Segment Open
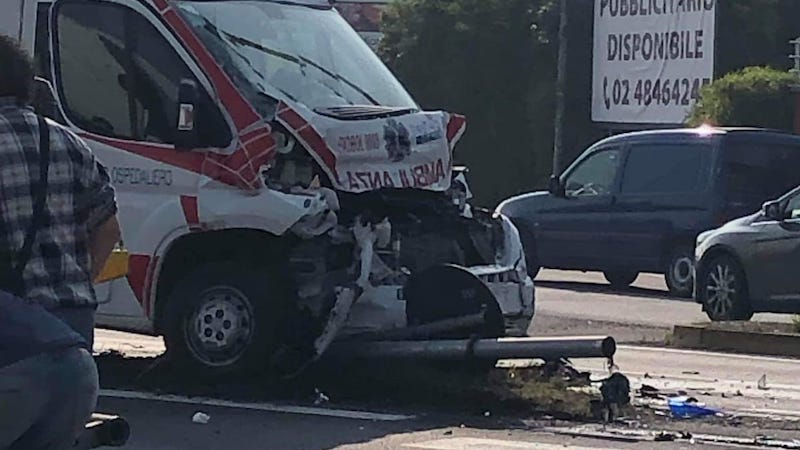 Incidente a Trezzano: ambulanza sbatte contro un semaforo, quattro feriti FOTO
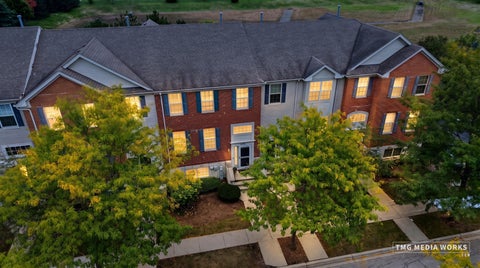 Photo of 815 Lewisburg Lane, Aurora, IL 60504 (MLS # 12764144)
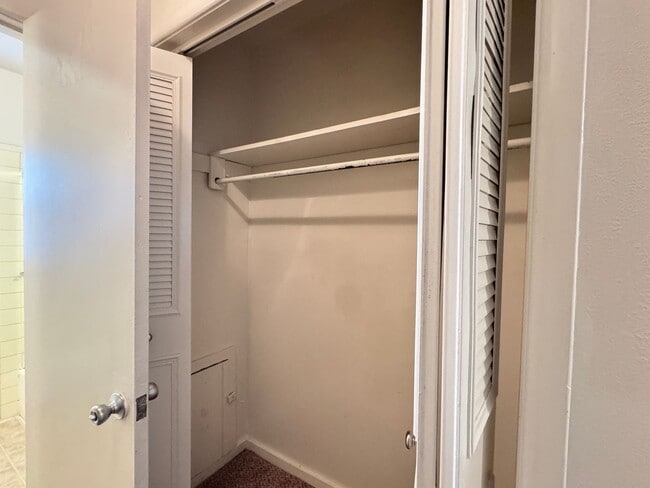 Building Photo - 503 S Fannin Ave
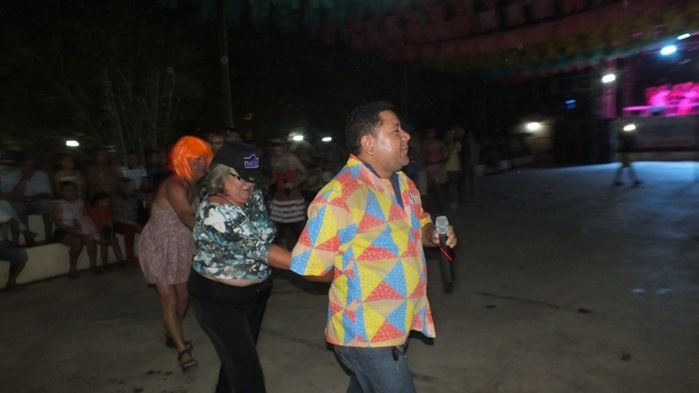 Centenas de pessoas prestigiaram   o  segundo dia dos  festejos do bairro Codó em Dom Expedito Lopes - Imagem 54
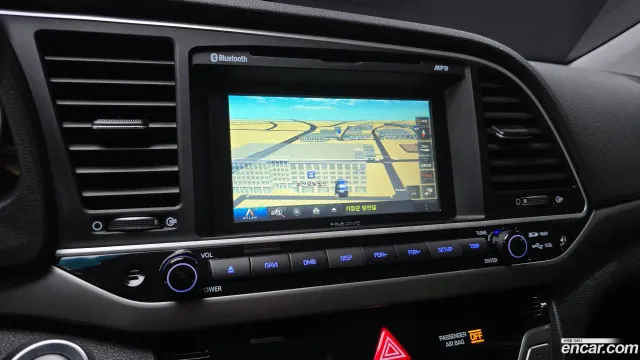 Hyundai Elantra (Avante)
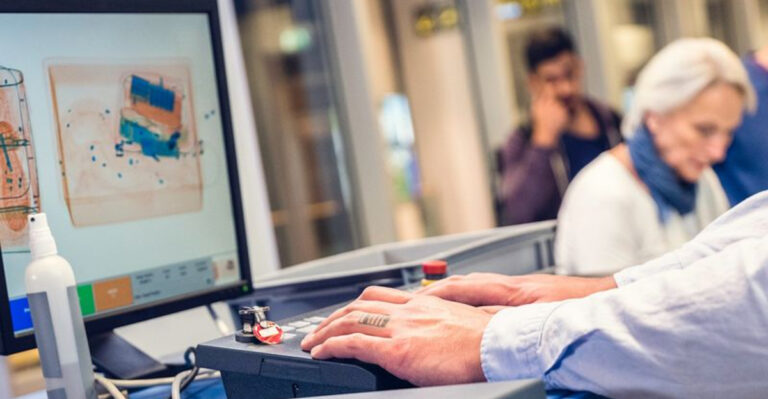 17 Common Airport Behaviors That Get Travelers Flagged Instantly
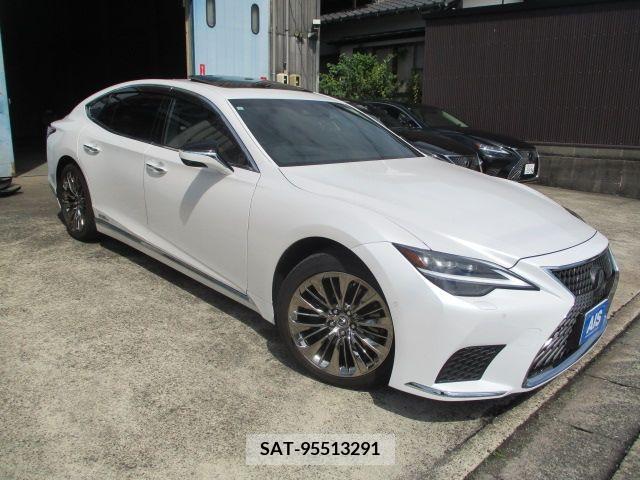 Lexus LS 2021-03 388172-0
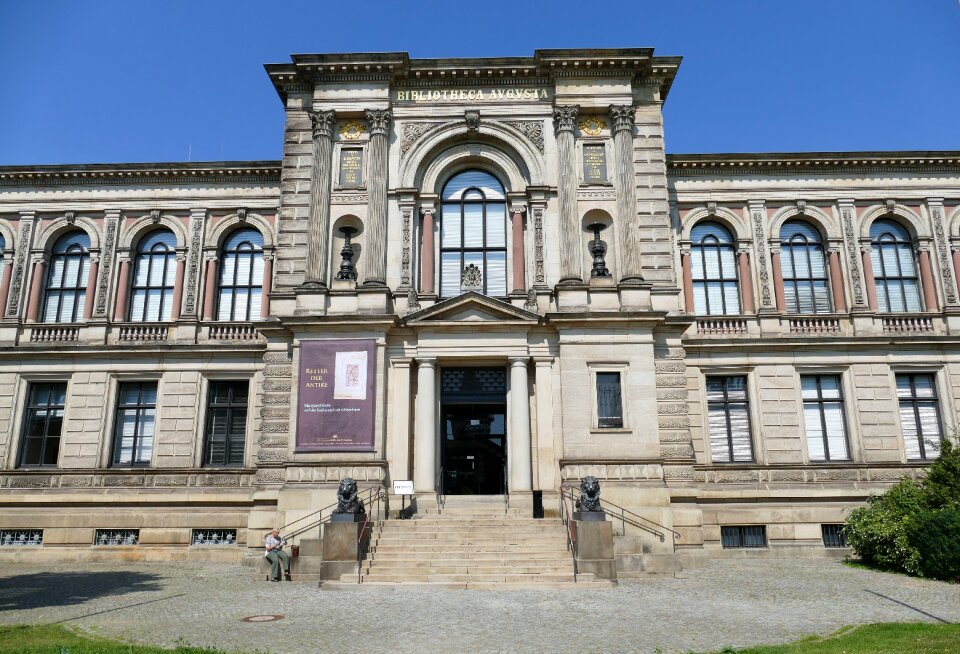 Building architecture library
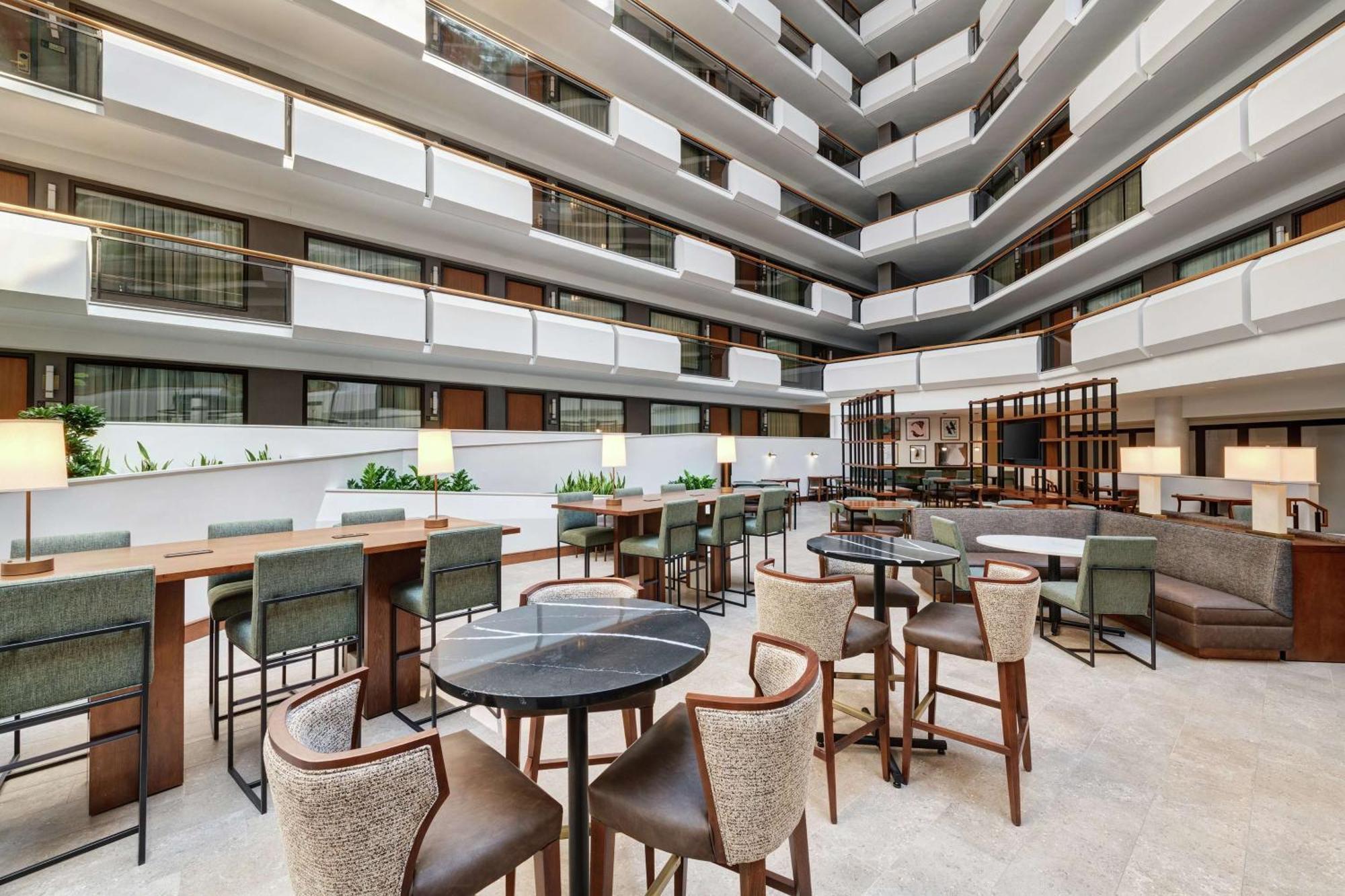 Embassy Suites Tysons Corner Dış mekan fotoğraf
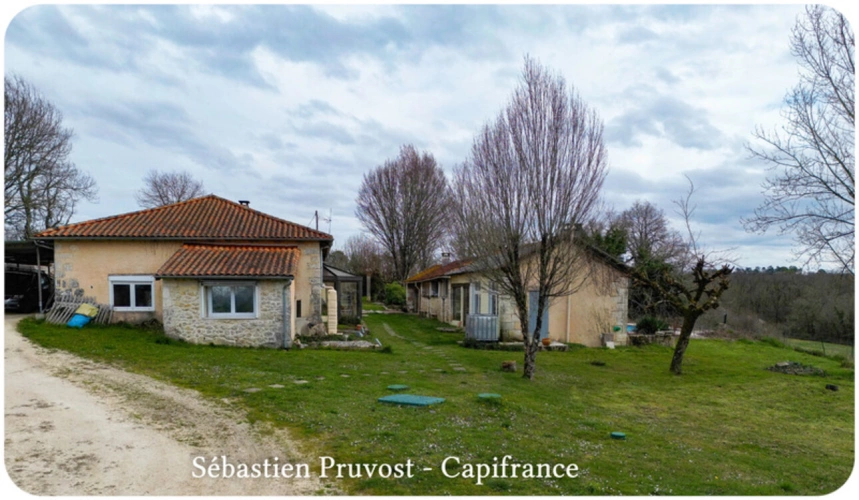 Photos 12 - Prestige - Propriete à vendre 6 pièces proche de BRANTOME (24), site en sommet de colline, clos de murs, piscine, annexe, dépendances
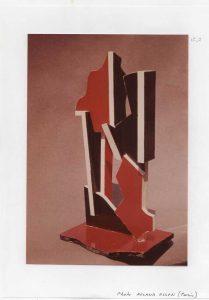 Αναπαραγωγή έργου Ι. Βεροπούλου-Σπητέρη “Δύο φόρμες, ζευγάρι?” (“Deux Formes, Couple?”)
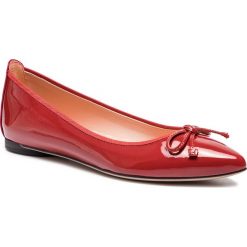 Baleriny UNISA - Areny Pa Rouge Patent. Czerwone baleriny damskie Unisa, bez wzorów, ze skóry, klasyczne, bez obcasa, na płaskiej podeszwie, bez zapięcia. Za 349,00 zł.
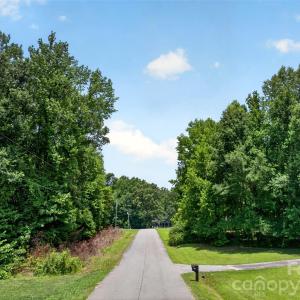 Photo #2 of Lazy Oak, Lancaster, SC
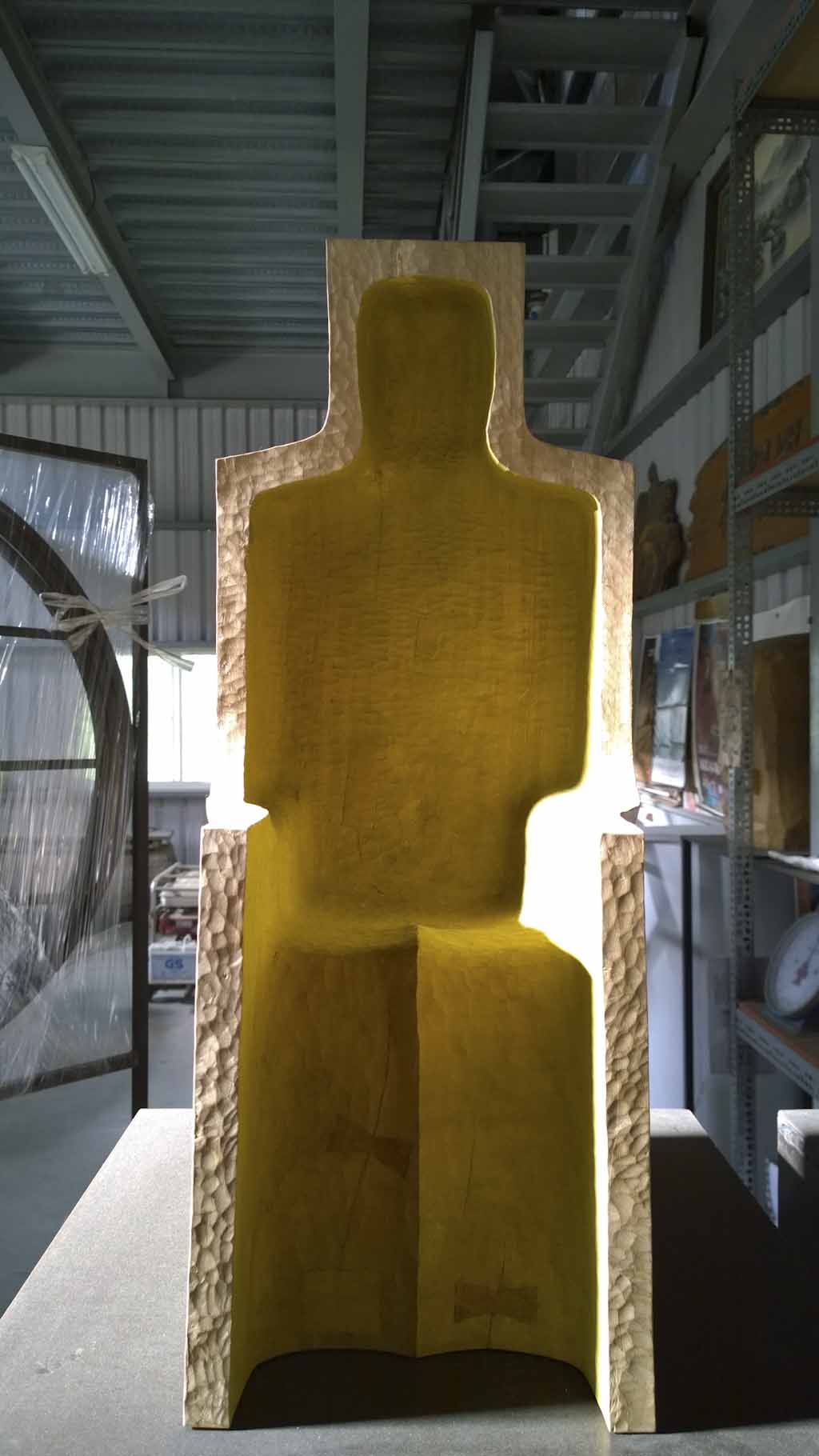 2013-自刻像065-樟木-680x260x350mm-1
Segment Closed
Task statement ::
The material should be duplicated word for word, with no images included.

Result of this task ::
 Incidente a Trezzano: ambulanza sbatte contro un semaforo, quattro feriti FOTO
 Photo of 815 Lewisburg Lane, Aurora, IL 60504 (MLS # 12764144)
 Building Photo - 503 S Fannin Ave
 Centenas de pessoas prestigiaram   o  segundo dia dos  festejos do bairro Codó em Dom Expedito Lopes - Imagem 54
 Hyundai Elantra (Avante)
 17 Common Airport Behaviors That Get Travelers Flagged Instantly
 Lexus LS 2021-03 388172-0
 Building architecture library
 Embassy Suites Tysons Corner Dış mekan fotoğraf
 Photos 12 - Prestige - Propriete à vendre 6 pièces proche de BRANTOME (24), site en sommet de colline, clos de murs, piscine, annexe, dépendances
 Αναπαραγωγή έργου Ι. Βεροπούλου-Σπητέρη “Δύο φόρμες, ζευγάρι?” (“Deux Formes, Couple?”)
 Baleriny UNISA - Areny Pa Rouge Patent. Czerwone baleriny damskie Unisa, bez wzorów, ze skóry, klasyczne, bez obcasa, na płaskiej podeszwie, bez zapięcia. Za 349,00 zł.
 Photo #2 of Lazy Oak, Lancaster, SC
 2013-自刻像065-樟木-680x260x350mm-1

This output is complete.